:: WHAT IS REQUIRED ::
Apart from the pictures, write out the records that follow exactly.

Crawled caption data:
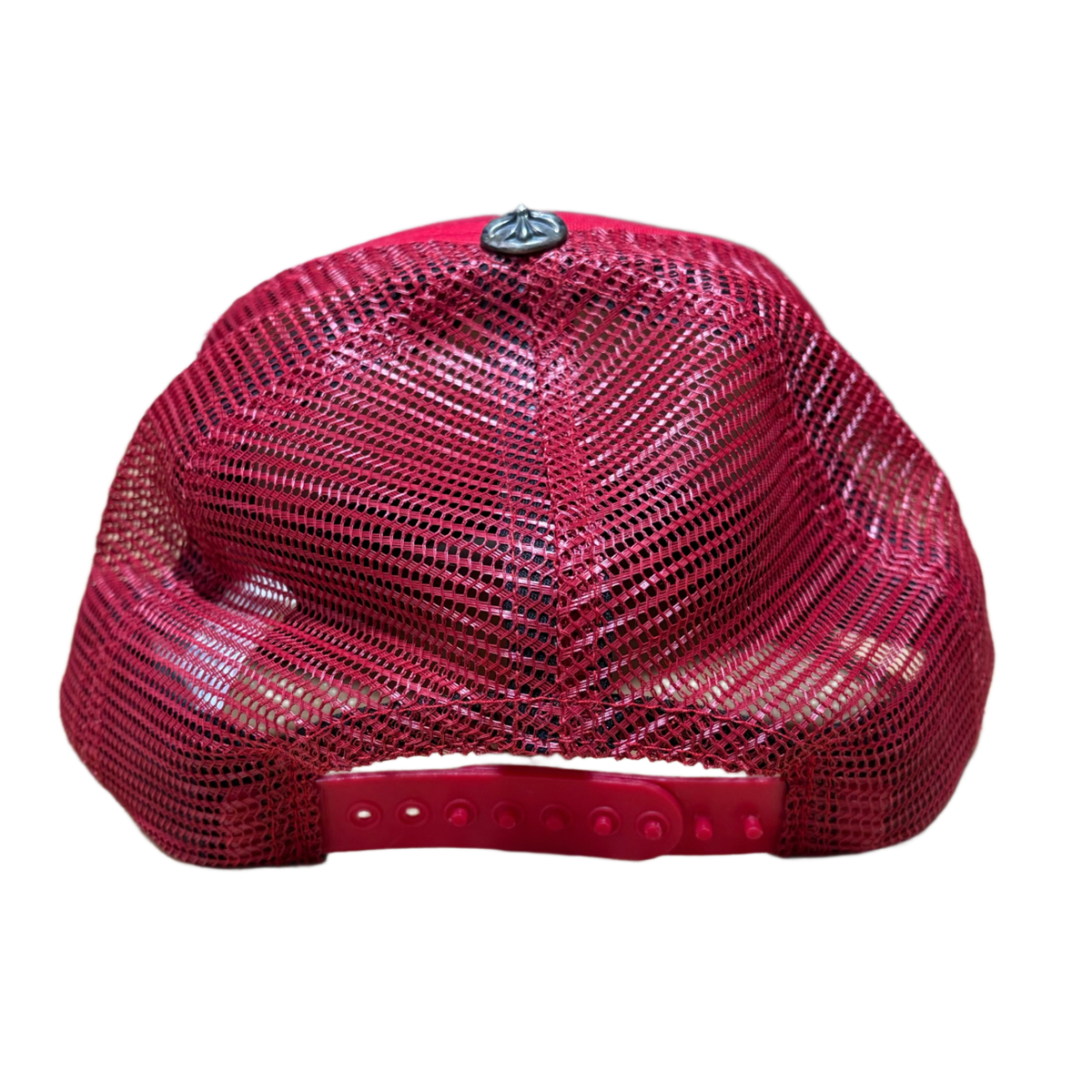 Chrome Hearts 'CHNY' Red Leather Patch Hat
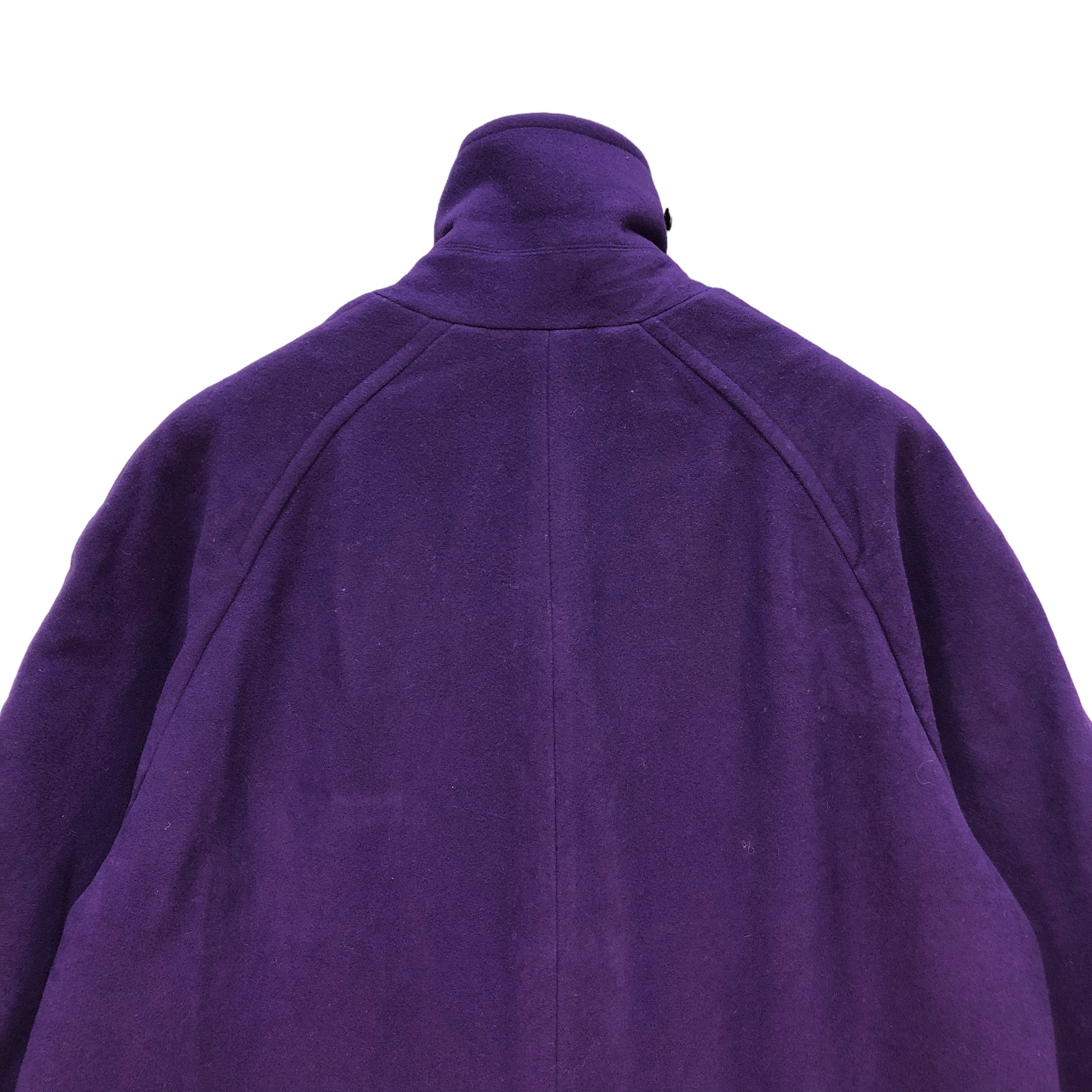 Ralph Lauren RALPH LAUREN PURPLE WOOL LONG COAT #7345-131 Size US L / EU 52-54 / 3 - 12 Thumbnail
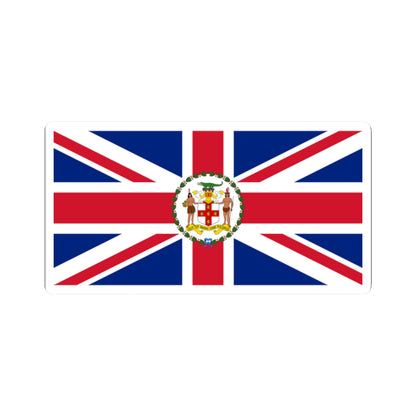 Flag of the Governor of Jamaica 1962 (Jamaica) STICKER Vinyl Kiss-Cut Decal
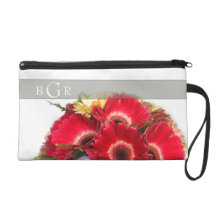 Bolso floral bonito de Bagettes del monograma del 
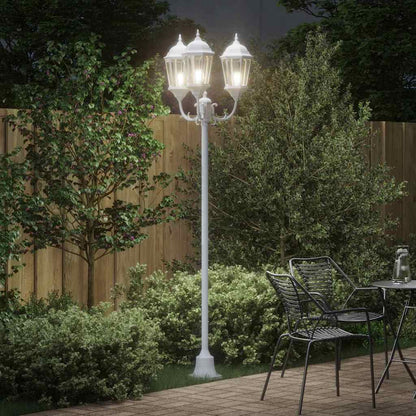 Garden Light White 57 x 49 x 241 cm Aluminium and Glass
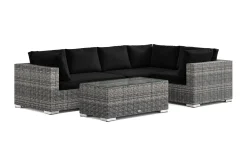 Comfort Garden Veranda & Terrasse|Loungemøbler Salg-Bahamas utendørs hjørnesofa 5-seters vendbar med bord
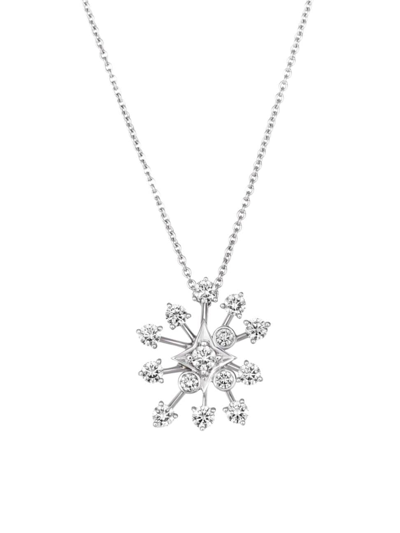 Shop Hueb Women's Luminus 18k White Gold & 1.02 Tcw Diamond Pendant Necklace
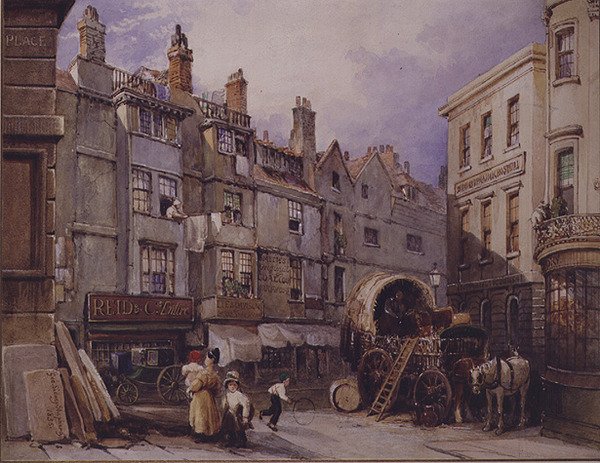 London gadebillede af George Sidney Shepherd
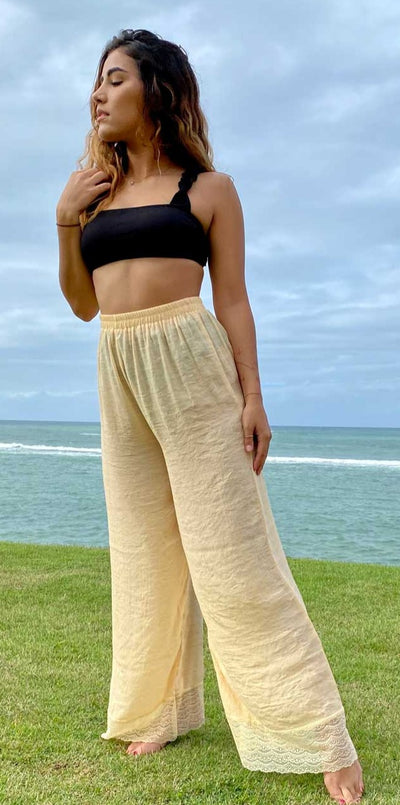 LACE PALAZZO PANTS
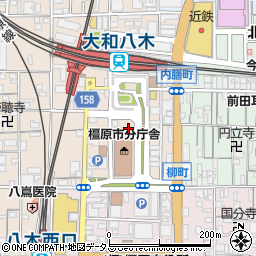 進学ゼミナール　八木駅前校周辺の地図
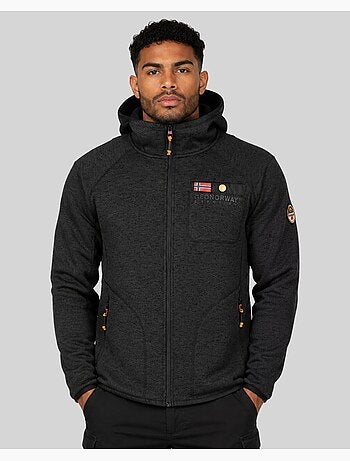 Chaqueta polar con capucha tiparni – geographical norway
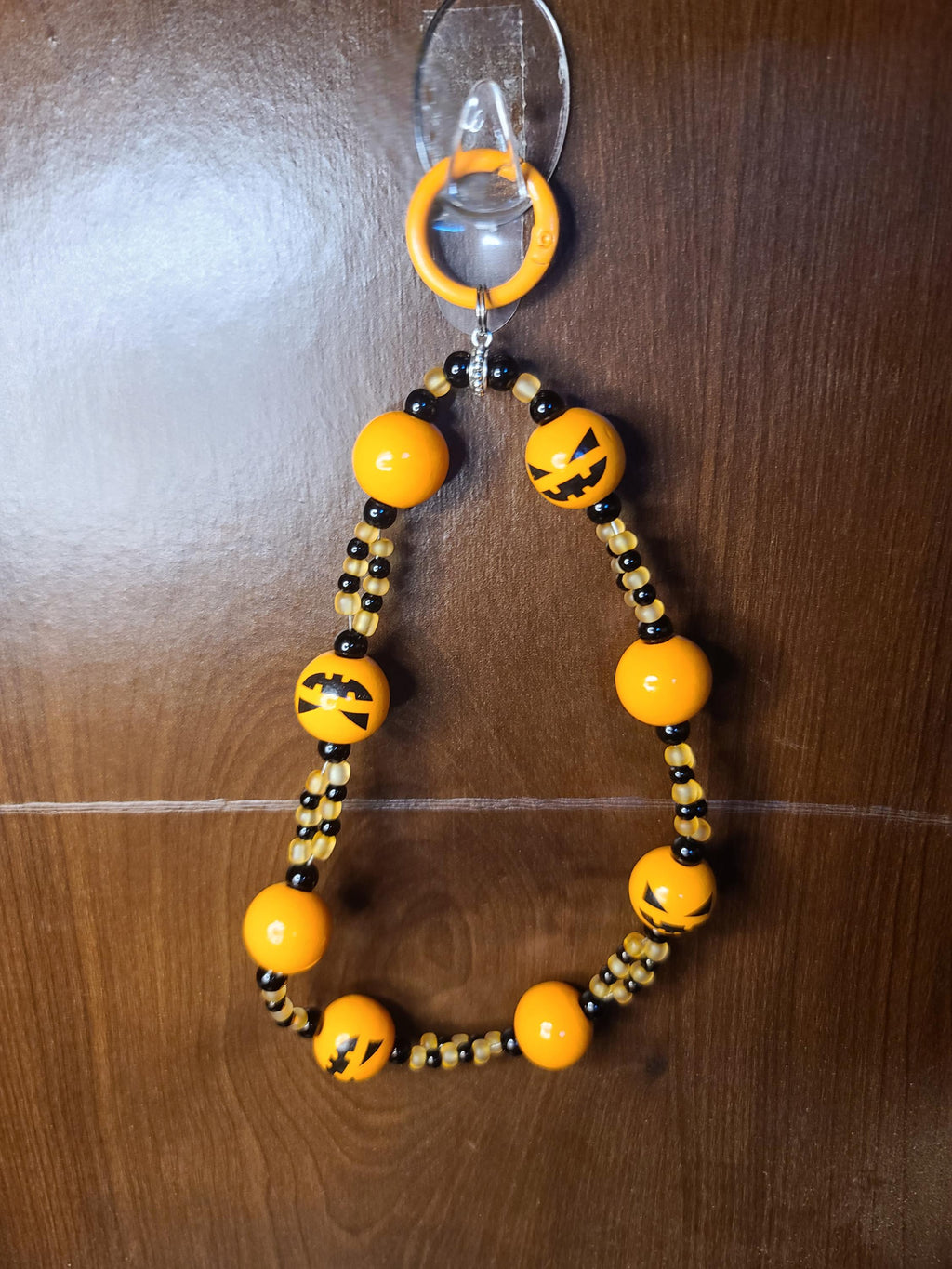 Spooky Halloween Beaded Keychains & Wristlets | Jack O Lantern Pumpkin, Haunted House, Spooky Spider, Bloody Vampire Goth Bat | Phone Charms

:: ANSWER BOX ::
 Chrome Hearts 'CHNY' Red Leather Patch Hat
 Ralph Lauren RALPH LAUREN PURPLE WOOL LONG COAT #7345-131 Size US L / EU 52-54 / 3 - 12 Thumbnail
 Flag of the Governor of Jamaica 1962 (Jamaica) STICKER Vinyl Kiss-Cut Decal
 Bolso floral bonito de Bagettes del monograma del 
 Garden Light White 57 x 49 x 241 cm Aluminium and Glass
 Comfort Garden Veranda & Terrasse|Loungemøbler Salg-Bahamas utendørs hjørnesofa 5-seters vendbar med bord
 Shop Hueb Women's Luminus 18k White Gold & 1.02 Tcw Diamond Pendant Necklace
 London gadebillede af George Sidney Shepherd
 LACE PALAZZO PANTS
 進学ゼミナール　八木駅前校周辺の地図
 Chaqueta polar con capucha tiparni – geographical norway
 Spooky Halloween Beaded Keychains & Wristlets | Jack O Lantern Pumpkin, Haunted House, Spooky Spider, Bloody Vampire Goth Bat | Phone Charms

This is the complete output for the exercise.